As the world pays attention to the estimated 300 missing Nigerian school girls who were abducted by an extreme Islamic group, they forget that right here in the United States, there are over 64,000 African American women and children who remain missing.

Over the years, studies have repeatedly shown that missing minorities don’t garner the same media attention as their white counterparts.  Critics allege that mainstream media shows preference to white women and children who are reported missing. A 2010 report shows that out of the 692,944 persons missing, over 273,985 of them are minorities, and out of that number, an astonishing 85 percent are African American.

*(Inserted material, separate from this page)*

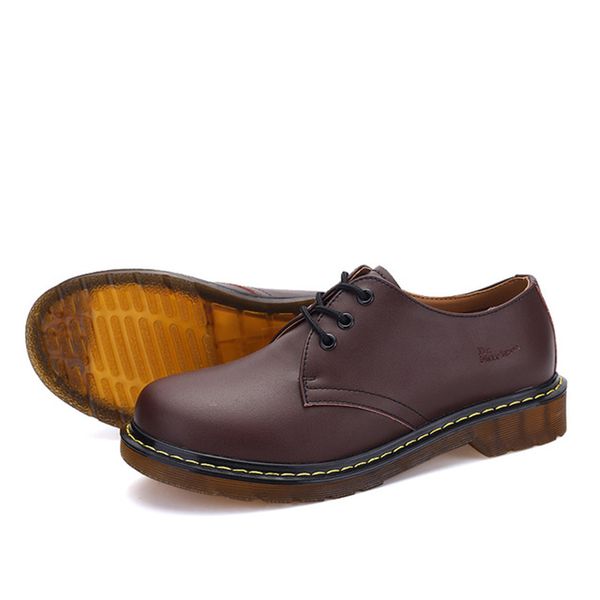 

2020 women flats female woman lace up thick bottom platform pu leather oxfords classic shoes causal footwear plus size, Black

There are many factors as to why the cases of these Black women go unnoticed.  One determining factor is that missing African Americans are usually from a lower economic status.  Another factor, according to MailOnline, is that there is a lack of diversity in newsrooms, so the “African American community is not properly reflected” when it comes to reporting the news.

Fortunately, a new campaign has been launched to highlight the thousands of missing African-American women and children. The organization, The Black And Missing Foundation, has teamed up with TV One Network to make a television news series titled ‘Find Our Missing.’ Their aim is to tell the stories behind the women’s disappearances.

The Black And Missing Foundation was founded in 2008.  According to TV One, the organization “was set up by a former law enforcement officer and public relations experts to support families and raise awareness of those who have disappeared. It also offers tips on personal safety.”

In an interview with ABC, Natalie Wilson, co-founder of The Black And Missing Foundation said, “When we hear the term ‘missing persons,’ most people conjure up images of Chandra Levy, Caylee Anthony or Natalee Holloway. As a result, the public is misled in believing that victims of abductions and kidnappings are [all] blonde, blue-eyed and female.”

Ms Wilson added, “’It is time for all people – regardless of race – to be treated equally in their times of greatest need.”

Most of these women have been missing for decades and often times their cases are abandoned by local law enforcement. Also, according to The Black And Missing Foundation, most women disappear in the states of New York, Georgia, North Carolina, Maryland, and Florida.